Siempre que regreso al país de mis amores y desamores, el delgado barniz de la vida en el desarrollo sufre un baño de disolvente cuando me desplazo por carreteras y calles, sobre todo en Santo Domingo. De inicio encajo el primer choque con la nueva realidad en el Aeropuerto (“Vergüenza”) Internacional de las Américas: sus instalaciones claramente tercermundistas exudan descuido; a la salida misma de las aeronaves hay de ordinario un grupo de buscones con nombres de pasajeros a los que se dará algún tipo de trato especial. En otros países, se reservan esos servicios a las áreas allende migración y aduana porque a las demás instalaciones aeroportuarias, los mortales comunes y corrientes, diplomáticos incluidos, acceden solo en circunstancias excepcionales.

El dominicano es de ordinario apacible, comedido y reacio a que la sangre se le trepe a la cabeza, excepto en el caso de algunas autoridades engreídas o cuando el alcohol fluye por la anatomía. La represión de los malos modales suele correr paralela al nivel de educación, valga aquello, empero, de que la excepción confirma la regla. Sin embargo, a todos corresponde calificación insuficiente en el comportamiento al volante de los automotores. Es como si la locomoción rápida guardara relación directa con un déficit de decencia y responsabilidad cívica. Va más allá, el problema, de la inobservancia continua de las reglas de circulación. Es demasiado visible el nivel elevado de violencia; verbal, a veces y otras, física, como informan los partes sobre pistolas al aire, tiroteos e incluso víctimas fatales.

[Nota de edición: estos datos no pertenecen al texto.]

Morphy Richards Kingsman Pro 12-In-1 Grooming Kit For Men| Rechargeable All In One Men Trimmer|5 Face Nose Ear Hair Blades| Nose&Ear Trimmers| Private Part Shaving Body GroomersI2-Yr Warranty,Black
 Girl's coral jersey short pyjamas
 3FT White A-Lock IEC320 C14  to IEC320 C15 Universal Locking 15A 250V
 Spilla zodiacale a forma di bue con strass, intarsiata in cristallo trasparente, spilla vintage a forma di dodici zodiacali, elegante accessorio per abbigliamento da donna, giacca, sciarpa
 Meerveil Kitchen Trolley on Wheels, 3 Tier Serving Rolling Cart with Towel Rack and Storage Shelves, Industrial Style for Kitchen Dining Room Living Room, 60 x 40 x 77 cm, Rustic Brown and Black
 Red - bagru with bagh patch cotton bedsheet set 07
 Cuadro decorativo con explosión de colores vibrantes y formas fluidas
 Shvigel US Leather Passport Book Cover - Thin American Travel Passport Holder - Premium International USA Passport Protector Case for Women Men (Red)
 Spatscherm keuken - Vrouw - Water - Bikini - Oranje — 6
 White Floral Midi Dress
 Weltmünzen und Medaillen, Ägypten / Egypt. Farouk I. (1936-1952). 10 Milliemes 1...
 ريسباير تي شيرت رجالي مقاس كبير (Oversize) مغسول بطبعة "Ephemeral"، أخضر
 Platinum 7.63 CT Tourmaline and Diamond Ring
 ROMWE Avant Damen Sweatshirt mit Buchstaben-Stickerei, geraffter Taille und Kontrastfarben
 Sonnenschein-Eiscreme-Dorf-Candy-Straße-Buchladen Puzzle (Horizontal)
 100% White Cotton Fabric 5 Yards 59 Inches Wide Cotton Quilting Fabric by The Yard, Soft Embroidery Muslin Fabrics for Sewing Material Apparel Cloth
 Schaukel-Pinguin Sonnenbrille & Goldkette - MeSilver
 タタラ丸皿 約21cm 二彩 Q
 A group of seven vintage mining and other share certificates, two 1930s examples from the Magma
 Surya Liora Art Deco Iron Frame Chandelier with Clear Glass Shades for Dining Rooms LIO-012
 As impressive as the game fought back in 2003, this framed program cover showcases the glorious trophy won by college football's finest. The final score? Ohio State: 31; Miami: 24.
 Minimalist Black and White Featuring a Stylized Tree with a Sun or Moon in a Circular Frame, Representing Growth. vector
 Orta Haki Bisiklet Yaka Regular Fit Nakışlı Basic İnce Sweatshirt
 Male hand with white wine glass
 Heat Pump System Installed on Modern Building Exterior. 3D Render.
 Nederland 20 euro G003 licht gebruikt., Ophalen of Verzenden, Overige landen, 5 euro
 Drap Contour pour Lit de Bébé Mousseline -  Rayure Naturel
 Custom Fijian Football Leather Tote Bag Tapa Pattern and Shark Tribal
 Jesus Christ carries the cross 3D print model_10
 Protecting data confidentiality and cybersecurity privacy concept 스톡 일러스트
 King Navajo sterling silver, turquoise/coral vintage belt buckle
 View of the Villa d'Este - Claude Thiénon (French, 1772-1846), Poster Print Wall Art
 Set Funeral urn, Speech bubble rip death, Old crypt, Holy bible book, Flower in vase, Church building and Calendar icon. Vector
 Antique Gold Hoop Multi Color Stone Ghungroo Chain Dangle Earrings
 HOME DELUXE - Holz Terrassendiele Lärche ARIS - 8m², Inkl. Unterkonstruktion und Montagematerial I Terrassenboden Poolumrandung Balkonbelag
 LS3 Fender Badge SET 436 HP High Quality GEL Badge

Ese desarraigo de la buena ciudadanía se ha extendido a los medios de comunicación. Abundan los programas en los que el insulto es costumbre, la presunción de inocencia fue abolida y el irrespeto, ya sea con frases subidas de tono o alusiones atrevidas, son plato apetitoso que consume una audiencia al parecer voraz. Ni hablar de las redes o los comentarios que acompañan a las informaciones y opiniones.

El exordio parecería vano porque el tema que me convoca esta semana es el de las tres causales. Para nada. Lo que aqueja a la sociedad dominicana es el síndrome de la intolerancia, exacerbado en parte por la tensión afín a todo proceso de cambio. Recorremos muy lentamente la transición de una cultura autoritaria a otra más democrática, desacostumbrados aún a las mutaciones y adaptaciones que acarrea el canje de lo rural por lo urbano, la macana por el diálogo. En la disolución de viejos lazos y la adquisición de otros, se verifican inconductas que a muchos parecerán eternas, mas deberán desaparecer tarde o temprano si queremos convertirnos en un país desarrollado. Porque desarrollo es más que crecimiento económico o rebasar las cotas de ingreso por cabeza que señalan los índices.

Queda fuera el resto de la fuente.